Roadmap to becoming a web crawler developer in 2020

avatar
Azura Liu
...

In today's era of big data, web crawlers have become an important means of obtaining data.

But learning to crwal well is not that simple. First of all, there are too many knowledge points and directions. It is related to computer networks, programming foundation, front-end development, back-end development, app development and reverse, network security, database, operation and maintenance, machine learning, data analysis, etc. It connects some mainstream technology stacks together like a big net. Because of the many directions covered, the things to learn are also very scattered and messy. Many beginners are not sure what to learn, and they don't know how to solve the problem of Anti-Spider in the learning process. In this article, we will make some induction and summary.

Web Crawler Newbie

Some of the most basic websites, often without any Anti-Apider measures. For example, for a blog site, if we want to crawl the whole site, we can crawl down the list page to the article page, and then crawl down the time, author, body and other information of the article.

How to write the code? It's enough to use Python requests and other libraries. Write a basic logic, and then obtain the source code of an article. When parsing, use XPath, BeautifulSoup, PyQuery or regular expressions, or rough string matching. Pull out the desired content, add a text and save it.

The code is simple, just call a few methods. The logic is very simple, several cycles plus storage. Finally, we can see that a piece of article is saved in our own computer. Of course, some students may not be able to write code or are too lazy to write, so they can use some visual crawling tools to crawl down the data through visual point selection.

If the storage is slightly expanded, you can conenct to MySQL, MongoDB, Elasticsearch, Kafka, etc. to save data and achieve persistent storage. It will be more convenient to query or operate in the future.

Anyway, regardless of efficiency, a website without Anti-Spider at all can be done in the most basic way.

When you get here, you say you can crawl? No, it's still far away.

Ajax, dynamic rendering

With the development of the Internet, the front-end technology is also constantly changing, and the data loading method is no longer purely server-side rendering. Now you can see that the data of many websites may be transmitted through the APIs, or even if it's not an API, it's some JSON data, which is then rendered by JavaScript.

At this time, you need to use requests to crawl, which is useless, because the source code of requests crawled down is rendered by the server, and the browser sees the page and the results obtained by requests are different. The real data is executed by JavaScript. The data source may be Ajax, it may be some data in the page, or it may be some ifame pages, etc., but in most cases, it may be obtained by the Ajax API.

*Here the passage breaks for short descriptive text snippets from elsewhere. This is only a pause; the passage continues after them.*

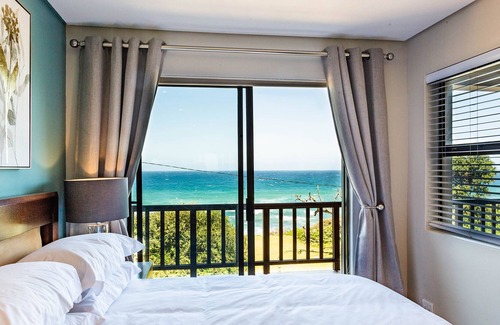 La Mercy Apartment | 6 Dolphin Views - Near Umdloti Beach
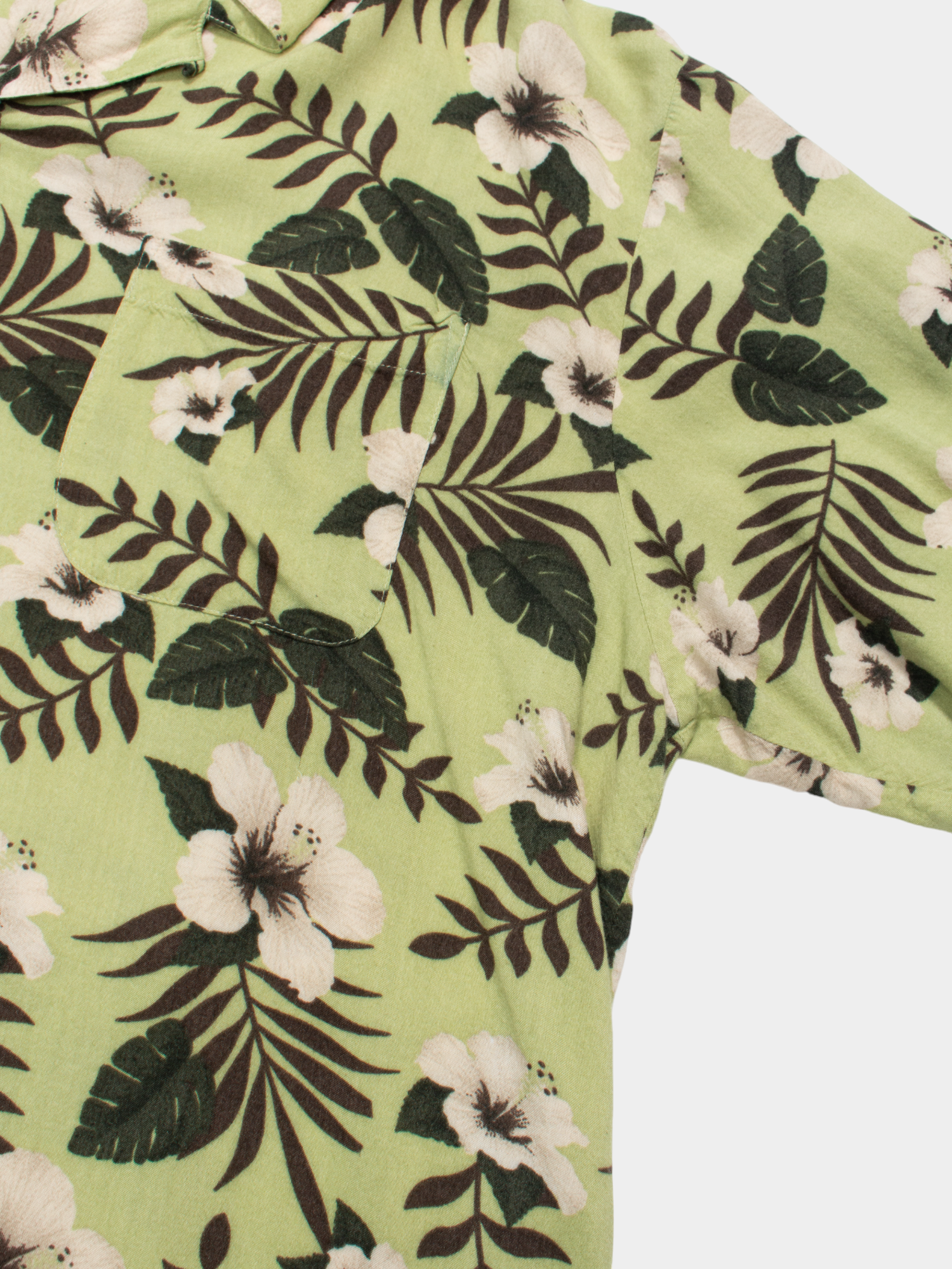 90s Puritan Green Floral Print Shirt L - The Thrift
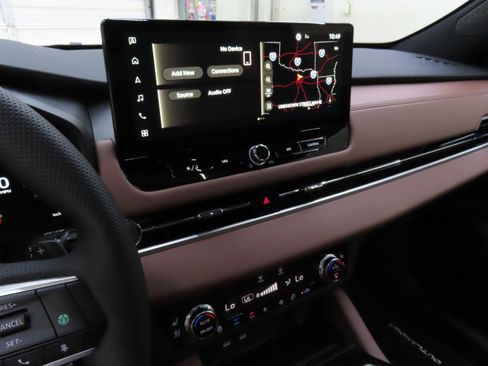 New 2025 Mitsubishi Outlander SEL image 16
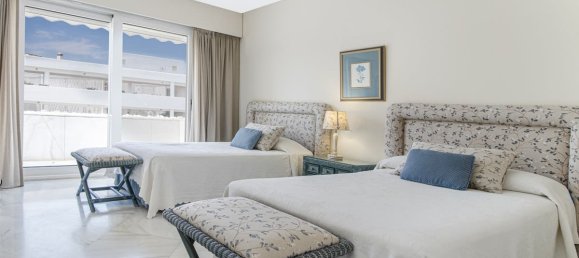 3 bedrooms Penthouse in Marbella, Spain No. 101585 2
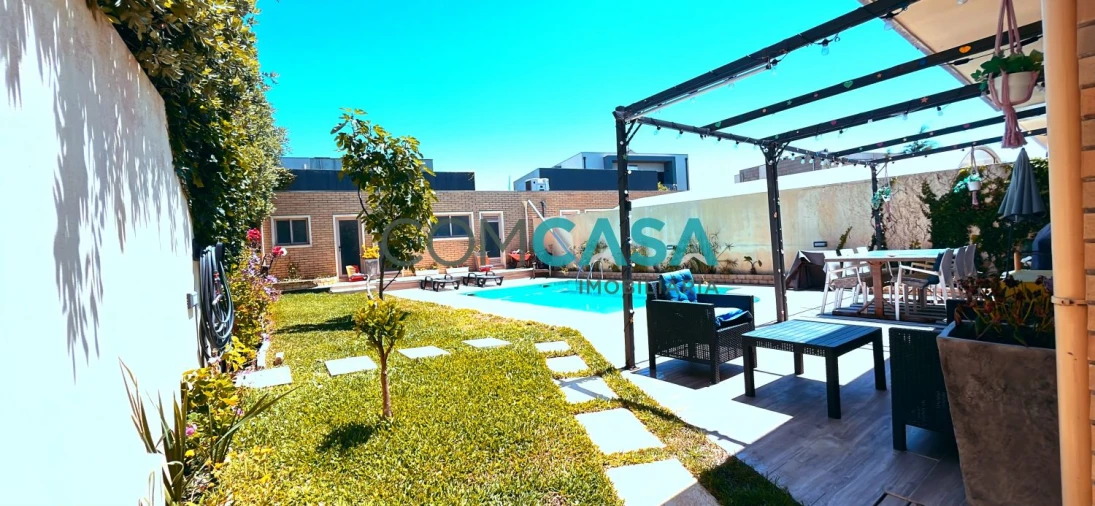 Moradia T4 para Venda em Perafita, Lavra e Santa Cruz do Bispo Foto 1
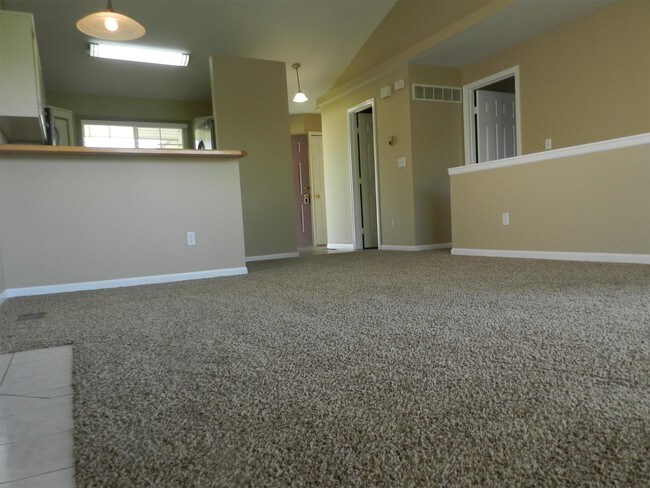 Building Photo - 4955 Stoneback Dr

So in many cases, you need to analyze Ajax, know how these APIs are called, and then simulate them programmatically. However, some APIs with encryption parameters, such as token, sign, etc., which are not easy to simulate, how to do?

One way is to analyze the JavaScript logic of the website, pull the code in it, find out how these parameters are structured, find out the idea, and then use the crawler to simulate or rewrite it. If you solve it, the direct simulation method will be very efficient, which requires some JavaScript foundation. Of course, some website encryption logic is too good. You may not be able to solve it for a week, and finally give up.

What if you can't solve it or don't want to solve it? At this time, there is a simple and crude way to crawl directly by simulating the browser, such as using Puppeter, Pyppeteer, Selenium, Splash, etc., so that the source code crawled is the real web code, and the data is naturally extracted. At the same time, it also bypasses the process of analyzing Ajax and some JavaScript logic. In this way, it can be seen and crawled without difficulty. At the same time, the browser is simulated, and there are few legal problems.

But in fact, the latter method will also encounter various Anti-Spider situations. Nowadays, many websites will recognize the webdriver, seeing that you are using tools such as Selenium, you can directly kill or do not return data, so you have to solve this problem specifically when you come across this kind of website.

Multi-process, Multi-thread, Coroutine

The above situation is relatively simple to simulate with a single-thread crawler, but the problem is that the speed is slow.

Crawlers are IO-intensive tasks, so they may be waiting for the network to respond in most cases. If the response speed of the network is slow, they have to wait all the time. But this spare time actually allows the CPU to do more. So what should we do? Open more threads.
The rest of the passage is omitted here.